Mentari pagi masih malu-malu hadir ke bumi. Awan gelap masih menyelimuti ketika suara kokok ayam jantan menggema dari ujung kampung. Titik embun masih tampak di pucuk-pucuk dedaunan.
"Kukuruyuuuuk!" Suara ayam jago terdengar dari kandang ayam para petani. Suaranya saling bersahutan nyaring, seakan mengajak semua warga di desa itu untuk membuka mata.
Sementara jarum jam di dinding sebuah rumah bercat biru muda sudah menunjukkan angka 5. 15. Namun, seorang anak laki-laki berusia sepuluh tahun, masih meringkuk di bawah selimutnya yang hangat. Kepalanya hampir tak terlihat tertutup selimut.
Seorang wanita paruh baya melangkah ke kamar Arga. Lampu meja belajarnya masih menyala redup, layar ponsel tergeletak di samping bantal. Ada suara musik game yang belum sempat ia matikan. Selimutnya berantakan, matanya masih terpejam dengan napas berat seperti orang yang kelelahan.
Semalam lagi-lagi Arga, putera bungsunya itu menolak tidur cepat.

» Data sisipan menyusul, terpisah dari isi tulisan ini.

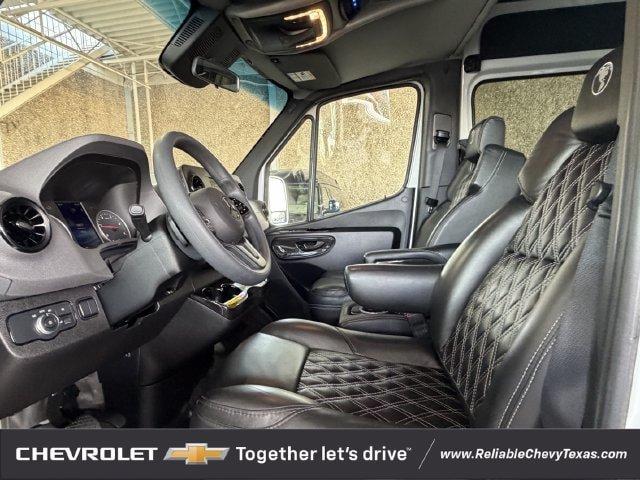 Used 2024 Mercedes-Benz Sprinter 2500 image 9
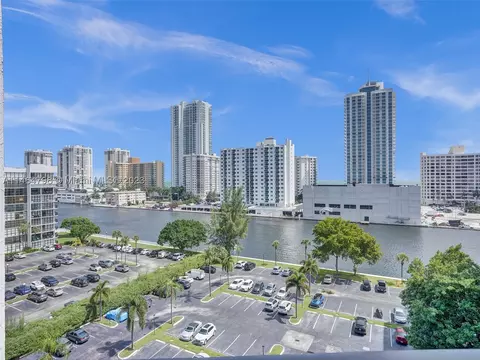 600 Parkview Dr #904, Hallandale Beach, FL 33009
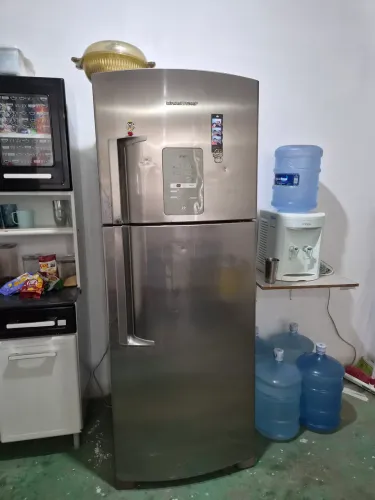 Geladeira Brastemp BRM50 cinza.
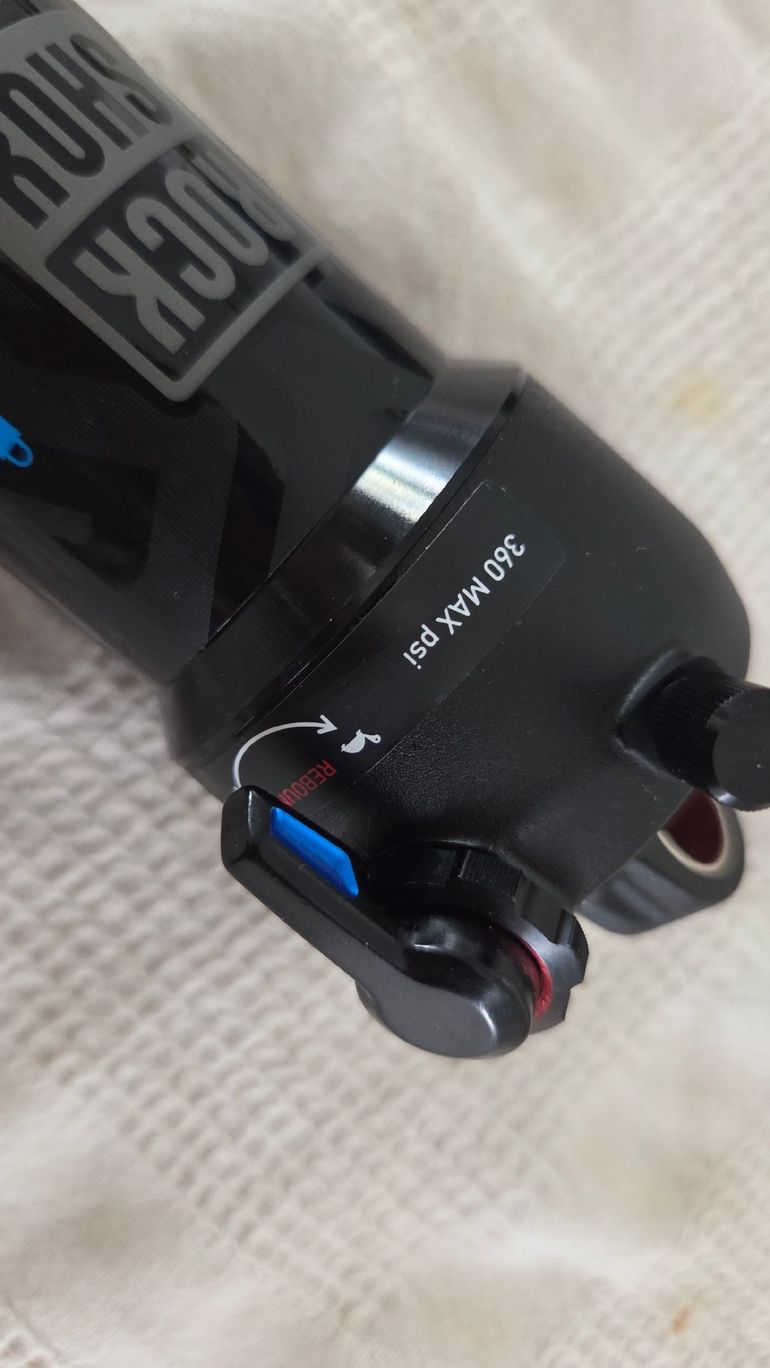 Used RockShox Deluxe Select+ bike — image 4 of 8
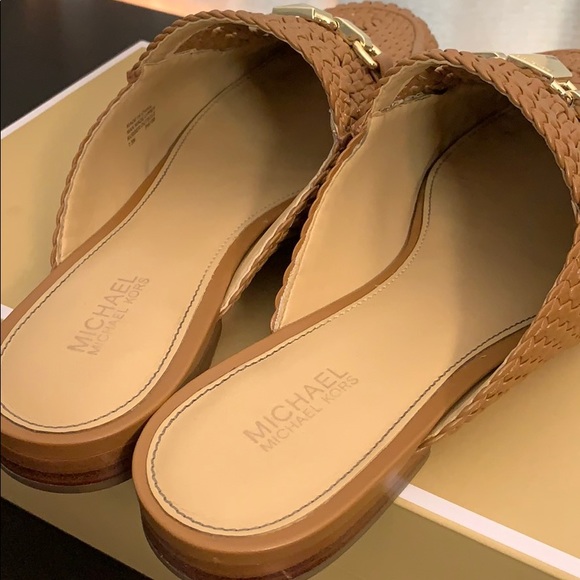 Michael Kors Charlton Slide Acorn - Picture 7 of 15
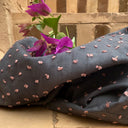 Blouse Janelle – Voile de coton gris plumetis rose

Berkali-kali ibunya mengetuk pintu dan menyuruh Arga istirahat, tapi hanya terdengar gumaman kecil
, "Sebentar lagi, Bu... masih level terakhir." Kini, akibat "sebentar lagi"-nya itu, matahari sudah tinggi sementara Arga masih terlelap, tenggelam dalam mimpi, seolah tak peduli waktu terus melaju.
"Arga... ayo bangun, Nak. Sudah pagi. Kamu pasti belum salat Subuh," panggil ibunya lembut.
"Arga...masih ngantuk, Bun. Sebentar lagi ya," gumam Arga sambil menarik selimut lebih rapat.
Ibunya hanya menghela napas dalam. Arga sudah sering terlambat bangun pagi gegara dia asyik main game. Putra bungsunya ini seringkali mendapat teguran guru karena terlambat masuk sekolah. Dan kejadian itu berulang terus.
"Ayo bangun, Nak!" ujar ibunya seraya menyingkap selimut yang menutupi Arga.